Single by Skillet

from the album Comatose
- Released: January 2007
- Genre: Christian rock, alternative metal, hard rock
- Length: 3:32 (Album version) 4:03 (Comatose Comes Alive version)
- Label: Lava, Ardent, Atlantic
- Songwriters: Brian Howes John L Cooper

Skillet singles chronology
| "The Older I Get" (2007) | "The Last Night" (2007) | "Comatose" (2007) |

= The Last Night (Skillet song) =

"The Last Night" is the third single from Christian rock band Skillet's sixth studio album Comatose. The song has an anti-suicide message. It peaked at No. 38 on the Mainstream Rock charts and No. 16 the Billboard Hot Christian Songs chart. R&R magazine counted it as the No. 1 song on Christian CHR radio stations in 2007 with 23,924 plays, and No. 2 for Christian rock radio with 4,554 plays.

==Meaning==
On the live DVD of Comatose Comes Alive, John Cooper says before the song "I wrote this song about a girl that hates her life because she was told she was a loser since she was a kid never gonna amount to anything. Everything that goes wrong in her family is blamed on her by her parents, and she has had a secret life of cutting for years, and she finally decides she wants to kill herself, since there's not a single reason for her to live, and she comes to me she says she just wants to say 'Goodbye, my life stinks and there's no purpose for me to live anymore' and in this song I get a chance to tell her how special she is, that her life isn't a mistake, she was created for a reason. There is a God who loves her just as she is and if she gives Him one chance it will be the last night she ever spends alone."

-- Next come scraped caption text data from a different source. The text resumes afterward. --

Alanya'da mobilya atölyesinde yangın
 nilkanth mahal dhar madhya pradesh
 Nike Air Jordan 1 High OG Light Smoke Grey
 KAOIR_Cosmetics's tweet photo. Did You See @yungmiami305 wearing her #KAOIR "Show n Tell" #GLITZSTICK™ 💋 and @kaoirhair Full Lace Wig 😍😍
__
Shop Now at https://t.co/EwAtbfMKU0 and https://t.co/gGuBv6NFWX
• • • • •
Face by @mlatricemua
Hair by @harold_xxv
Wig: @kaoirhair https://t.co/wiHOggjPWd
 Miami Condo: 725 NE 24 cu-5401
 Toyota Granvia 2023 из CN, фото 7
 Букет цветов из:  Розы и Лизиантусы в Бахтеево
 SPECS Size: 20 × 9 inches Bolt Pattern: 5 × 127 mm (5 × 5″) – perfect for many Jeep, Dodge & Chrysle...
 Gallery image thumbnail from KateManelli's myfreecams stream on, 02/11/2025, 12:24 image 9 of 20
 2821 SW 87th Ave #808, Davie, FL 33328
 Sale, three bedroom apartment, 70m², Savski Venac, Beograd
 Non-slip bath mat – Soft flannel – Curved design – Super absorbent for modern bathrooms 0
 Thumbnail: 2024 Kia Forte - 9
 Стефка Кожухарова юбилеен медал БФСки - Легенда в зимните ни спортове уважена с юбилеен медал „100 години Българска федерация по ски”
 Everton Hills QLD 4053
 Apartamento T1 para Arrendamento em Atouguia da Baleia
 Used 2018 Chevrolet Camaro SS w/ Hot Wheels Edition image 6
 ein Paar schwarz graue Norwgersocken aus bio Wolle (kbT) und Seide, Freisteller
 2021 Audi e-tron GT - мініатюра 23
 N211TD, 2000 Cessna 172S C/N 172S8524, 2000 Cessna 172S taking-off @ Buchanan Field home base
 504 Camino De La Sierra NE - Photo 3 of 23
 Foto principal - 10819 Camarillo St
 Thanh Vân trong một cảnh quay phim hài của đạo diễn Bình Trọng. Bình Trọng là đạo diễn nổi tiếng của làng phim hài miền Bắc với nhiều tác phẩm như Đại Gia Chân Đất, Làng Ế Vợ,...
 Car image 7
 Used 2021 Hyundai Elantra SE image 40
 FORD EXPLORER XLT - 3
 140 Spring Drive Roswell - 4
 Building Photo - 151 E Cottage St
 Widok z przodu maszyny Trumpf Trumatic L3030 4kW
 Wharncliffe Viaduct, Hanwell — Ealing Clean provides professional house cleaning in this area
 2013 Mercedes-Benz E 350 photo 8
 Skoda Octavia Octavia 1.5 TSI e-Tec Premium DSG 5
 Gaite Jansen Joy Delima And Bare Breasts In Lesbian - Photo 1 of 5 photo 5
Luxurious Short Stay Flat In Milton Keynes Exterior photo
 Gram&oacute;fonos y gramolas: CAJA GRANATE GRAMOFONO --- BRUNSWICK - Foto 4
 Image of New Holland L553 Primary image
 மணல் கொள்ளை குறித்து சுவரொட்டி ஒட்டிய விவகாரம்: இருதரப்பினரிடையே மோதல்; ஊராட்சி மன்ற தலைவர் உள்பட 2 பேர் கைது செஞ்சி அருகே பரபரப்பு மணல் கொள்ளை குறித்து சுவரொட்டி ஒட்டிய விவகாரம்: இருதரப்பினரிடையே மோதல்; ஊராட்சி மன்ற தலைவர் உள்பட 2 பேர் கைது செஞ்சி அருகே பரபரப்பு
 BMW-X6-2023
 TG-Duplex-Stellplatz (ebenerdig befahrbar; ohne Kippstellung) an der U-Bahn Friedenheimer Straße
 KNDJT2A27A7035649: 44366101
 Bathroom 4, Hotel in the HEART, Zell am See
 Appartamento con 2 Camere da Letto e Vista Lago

John Cooper has said that "I just started thinking about how these kids are hurting so badly and that maybe I could sing a song that they can relate to." Korey Cooper has stated that one of the most shocking things to the band as they were touring was the number of fans who admitted to them that they were cutters or suffered from depression and so they wrote the song to tell people that they were not alone in their struggles.

==Track listing==
1. "The Last Night" - 3:32

==Personnel==
- John Cooper – lead vocals, bass guitar
- Korey Cooper – rhythm guitar, keyboards, backing vocals
- Lori Peters – drums
- Ben Kasica – lead guitar

==Charts==

| Chart (2007–08) | Peak position |
|---|---|
| US Hot Christian Songs (Billboard) | 16 |
| US Mainstream Rock (Billboard) | 38 |

==Certifications==

| Region | Certification | Certified units/sales |
| United States (RIAA) | Gold | 500,000^{‡} |
^{‡} Sales+streaming figures based on certification alone.